Zuva and Litera partner with SALI to release open-source document classification taxonomy 

Zuva and Litera have built a document classification taxonomy covering 225 document types which they are open-sourcing via the Standards Advancement for the Legal Industry (SALI) Alliance. 

Zuva is today (3 October) releasing an API implementation of the document classifier, which will primarily help with classifying documents in firms’ document management systems. This means anyone can implement it and automatically classify documents within the DMS. Zuva is a spin-off of Kira Systems, which Litera acquired in 2021. It focuses on adding contract intelligence to workflow and apps.

Speaking to Legal IT Insider, Kira and Zuva founder Noah Waisberg said: “In the document management system you have a lot of documents but not much metadata. With more metadata you can do better searches.  

“Firms try to add metadata, such as which type a document is. They can either use consultants or train their people to add metadata, but the problem with the latter is that fee-earners often don’t do it. I spoke to one firm that provided a drop down menu for document type and the most popular document was ‘admiralty’ – they don’t do admiralty law, it was just the first option.” 

The classifier being released now, which will compete with the work iManage is doing to enable customers to undertake the same exercise, is built on work done at Kira starting in 2016/17 and Waisberg said: “We hired a lady at Kira to put together a taxonomy and get it to work.
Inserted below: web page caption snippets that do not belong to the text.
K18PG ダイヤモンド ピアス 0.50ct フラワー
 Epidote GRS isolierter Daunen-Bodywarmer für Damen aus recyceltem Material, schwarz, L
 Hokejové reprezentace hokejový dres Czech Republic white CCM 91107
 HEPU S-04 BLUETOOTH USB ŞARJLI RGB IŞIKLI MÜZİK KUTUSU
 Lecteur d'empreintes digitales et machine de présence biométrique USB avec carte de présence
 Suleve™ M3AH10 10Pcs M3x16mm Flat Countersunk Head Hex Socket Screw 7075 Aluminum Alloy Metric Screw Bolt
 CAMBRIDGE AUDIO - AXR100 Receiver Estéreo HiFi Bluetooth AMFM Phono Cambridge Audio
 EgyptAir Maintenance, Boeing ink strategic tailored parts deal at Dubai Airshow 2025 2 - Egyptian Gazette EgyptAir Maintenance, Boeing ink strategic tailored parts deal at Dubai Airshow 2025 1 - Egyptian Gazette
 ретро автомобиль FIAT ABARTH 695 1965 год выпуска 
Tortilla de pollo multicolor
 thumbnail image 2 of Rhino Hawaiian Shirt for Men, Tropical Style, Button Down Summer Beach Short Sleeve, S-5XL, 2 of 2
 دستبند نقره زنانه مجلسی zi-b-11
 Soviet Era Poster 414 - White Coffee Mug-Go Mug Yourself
Building the underlying tax is a lot of work. She built it and added documents in the taxonomy that fit the categories.  

“The announcement today is unusual because this is something that we have co-developed with Kira and then also that we have decided to make all of the information public.” Zuva’s own information is all public and Waisberg said: “You can try it for free and don’t have go via a salesperson or NDA, so our logic was ‘we might as well put all of this on our website.’” 

With regard to SALI, which is driving towards standardisation across the industry, they have not created document management classification taxonomy. Waisberg said: “The benefit of doing this through SALI is that it will become interchangeable with other systems. Vendors can use our standard and it should become interoperable.”

SALI leader Damien Riehl said: “For Large Language Models (LLMs), an important method of increasing accuracy and reducing hallucinations is Retrieval Augmented Generation (RAG), and SALI’s 13,000+ tags can helpfully curate that document subset — for LLMs to summarize, analyze, and synthesize.” 

Standardizing document classification ensures consistency in how contracts are categorized and processed, making contract review and analysis more reliable. Corinne Geller, director of legal knowledge engineering at Litera said: “Organizations are faced with an ever-growing volume of contracts; moving towards uniform document type classification both enables scalability and facilitates collaboration, allowing legal teams to develop better insights on larger sets of documents with accuracy and confidence.”